Image copyright EA, Bioware and Bleeding Cool

Mass Effect 3 was a disaster, perhaps one of the worst disasters in the current history of the medium.  Not only did it have one of the worst, most nonsensical endings of all time, across any medium, it also just wasn’t a very good game in general and probably made it so any follow up would be terrible.  There was no escaping for Mass Effect Andromeda, it had no chance to become anything but what it did, and it’s thanks to Mass Effect 3.  Outside of Tuchanka and Rannoch, there really isn’t anything good about the game.  It starts with a terrible mission, the game doesn’t pick up until Tuchanka and most of the game are just ways to funnel the player into its terrible multiplayer game (yes, it’s terrible).  Still, I can’t help but think it could have been salvageable.  Obviously, the game has tons of great ideas, but the question isn’t if it had potential, the question is if it could have worked in the first place.  I think it could, and for the past five years, I’ve been working a few things they could have done.  This might not be my definitive list, but it’s time I got this written down.  So, here are the ways that Mass Effect 3 could have been fixed.

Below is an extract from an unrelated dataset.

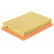 Air Filter C 2571 MANN-FILTER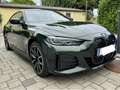 BMW i4 i4 Gran Coupe xDrive M50 80,7kWh Grün - thumbnail 1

I won’t be talking about story, though.  That needs to be fixed, obviously, but the fixes to those are obvious.  Make the ending not suck (Reapers lose, Citadel space is hurt, but can rebuild, no fucking ending choice) and generally find a way to make the Illusive Man not a stooge of the Reapers, but some bastard who’s trying to profit on the good guys winning.  Actually, just do that.  Make him a bastard who’s trying to sweep in after Shepard so he can rule over Citadel space after the Reapers are gone.

Oh, and this one is a freebie.  Previous choices have to matter.  Anderson stays as ambassador.  Rachni are dead.  Human council.  The Collector Base is destroyed.  It doesn’t really matter what got picked, just stick with those.  If it means you don’t get to do the shitty Rachni mission with Grunt, whatever.  Hell, just make it a slightly different mission with Grunt.  Christ.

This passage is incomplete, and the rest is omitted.